The results can be ok if you push it towards the sites you enjoy reading, but apart from that..

Polylactic_acid · on Feb 6, 2020

I found the results to be utterly useless. I wasn't able to perform a single search that came back with sane results. I searched "youtube" and the first few pages were random blogs. I couldn't not find "youtube.com" anywhere in the results.

numpad0 · on Feb 6, 2020

UX wise it’s also n-gram with n>2 and only works well with Indo-European languages.

oever · on Feb 5, 2020

Distributed search is great to make searching less dependent on a few big players. But if many more bots start crawling your site, the load and waste of energy can get very high.

Sitemaps help a bit, but site needs to be crawled completely initially and changed pages need to be retrieved.

It'd be more efficient if there were a standard by which websites could create and publish their own index. Web search engines could collate the pages and add page ranks.

The correctness of the index can be tested by randomly sampling a few pages with a bias to the highest rated pages.

haolez · on Feb 5, 2020

What's the opt-in censorship story with YaCy? I don't want to accidentally find gore or dark stuff in general.

bawolff · on Feb 5, 2020

I wish there was more technical details or a whitepaper. All i can see is some handwaving about dht.

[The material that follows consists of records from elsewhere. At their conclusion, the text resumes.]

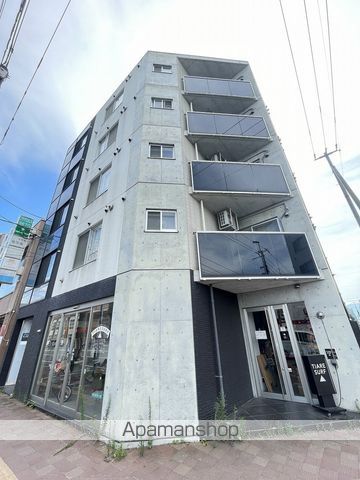 FLATS LIDOの外観写真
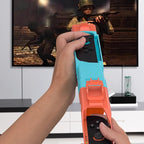 New Switch 2 Motion Light Gun Attachment for Joy‑Con – Splatoon-Style Shooter Grip - cabestdeal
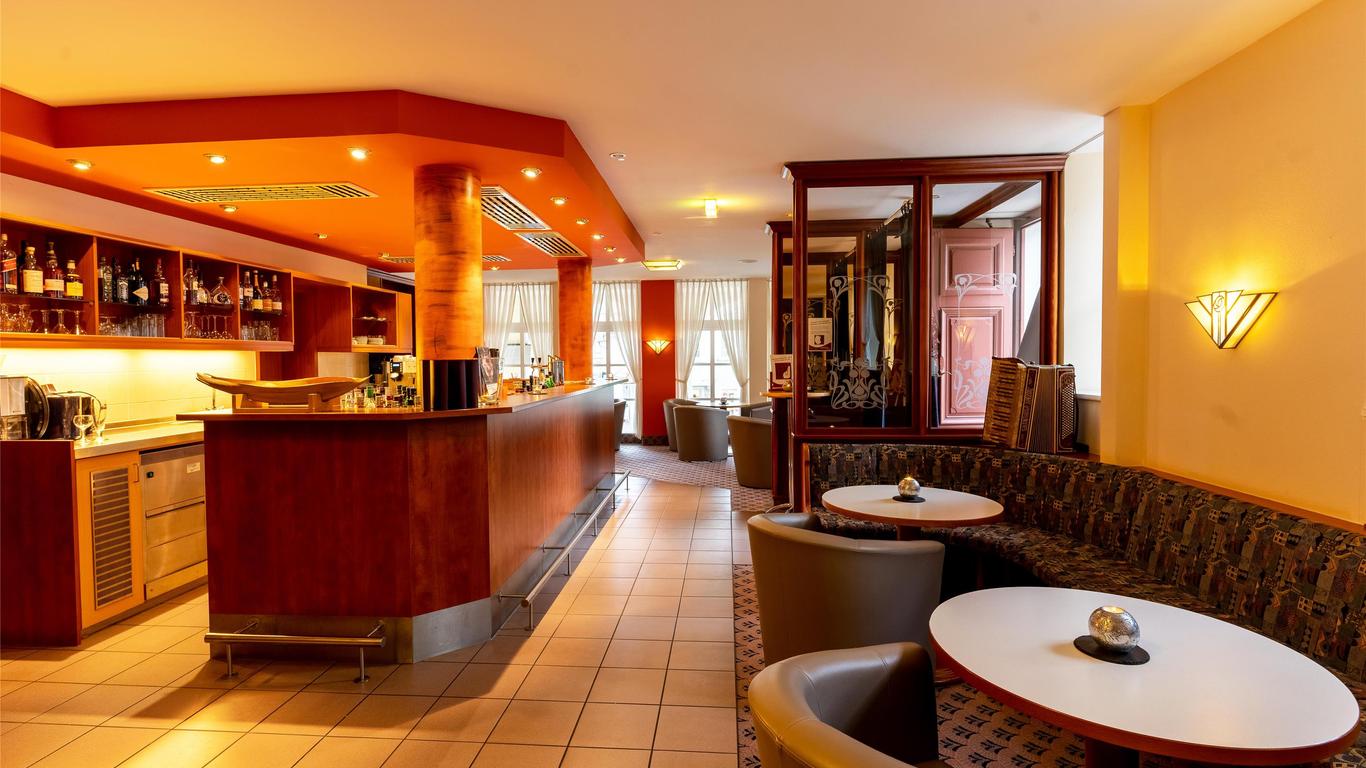 Arvena Reichsstadt Hotel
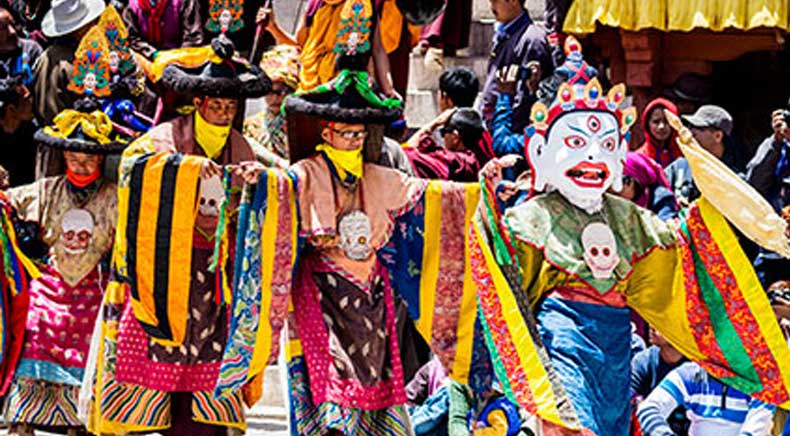 Ladakh Festival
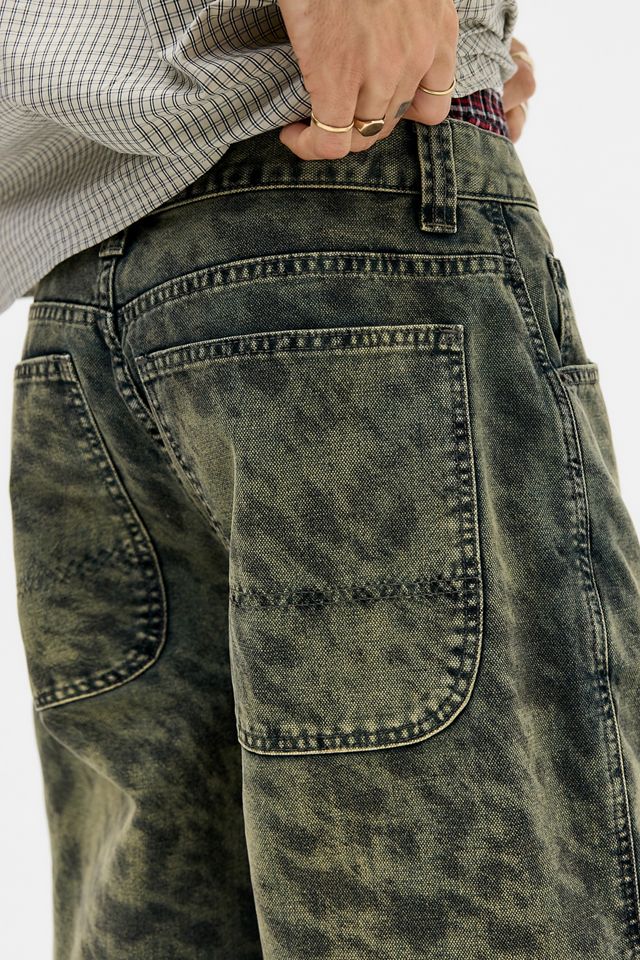 BDG Pantaloncini di jeans Neo Cow Skate #3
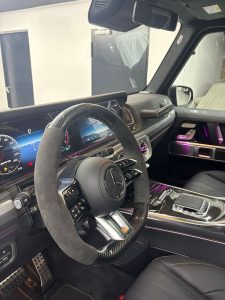 Mercedes-Benz, G-Класс AMG, II (W465) Рестайлинг, 2025 купить в салоне Million Miles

But full text search is not really naturally applicable to a DHT approach. So what exactly do they do? How does what they do scale? How is work broken up between dht nodes (what exactly is being used as the hash key in the distributed hash table)? How does it deal with malicious nodes (SEO is a big thing in search)? Is the division of resources between dht nodes "fair"? How are results ranked?

slenk · on Feb 5, 2020

I wonder how it differs from Searx. Have been running a Searx instance for myself for a few months now and i love it.

nindwen · on Feb 5, 2020

Searx aggregates different search engines. YaCy is peer-to-peer engine that can run its own crawlers to index content, and query other peers for their content. Looks like Searx has YaCy-integration available, so you could run a local YaCy-node and get its results added to your Searx results.

slenk · on Feb 6, 2020

Good to know. I might have to do that. Thank you.

tsukurimashou · on Feb 5, 2020

interesting, has anybody here tried to use it? I'd like to hear some user experience!

ravenstine · on Feb 5, 2020

I tried using it seriously 5 years ago. Things might have changed since then, though. All I remember is that it was tremendously slow and the results were pretty much garbage. It's an interesting project, nonetheless.

EDIT: They now have an online demo that doesn't require any installation. After waiting about a minute for peers to connect, queries ran relatively "fast" each time. That's an improvement. But the results are still junk, IMO.

https://yacy.searchlab.eu/Status.html

Kaiyou · on Feb 5, 2020

I gave it a try in 2017. I could live with it being really slow, but it didn't have any useful results for anything, so I moved on. Really like the idea, though.

tombert · on Feb 5, 2020

Had a similar experience back in 2015 or so; I think that the idea of a decentralized web-scraper actually makes a lot of sense, but it just didn't seem to give me a result that was useful, and actually seemed to give a lot of porn results for perfectly innocuous searches. I ended up going back to DDG.

mippenhappen · on Feb 5, 2020

I played around with that years ago. Was absolutely useless at the time. Honestly doubt it has gotten much better.

DethNinja · on Feb 6, 2020

What if some bad actor decides to harm the network by listing illegal links? How network secures itself against that?

Polylactic_acid · on Feb 6, 2020

Other networks have lists of banned hashes. You can just hash the banned domains/links and users can subscribe to ban lists. You could even distribute them in plain text tbh. The issue is not about having the links, but accidentally clicking on them.

flokie · on Feb 6, 2020

Query "best pizza place"

Result "Hardcore teen sex"

Why is this trending?

marknadal · on Feb 6, 2020

YaCy has been around for a long time, no?

What are other projects in this space?

I know Martti Malmi (Satoshi's 1st Bitcoin contributor) is doing some stuff (no tokens) in this space.

Anybody else/know/have links/talks/articles on other (no blockchain) decentralized search?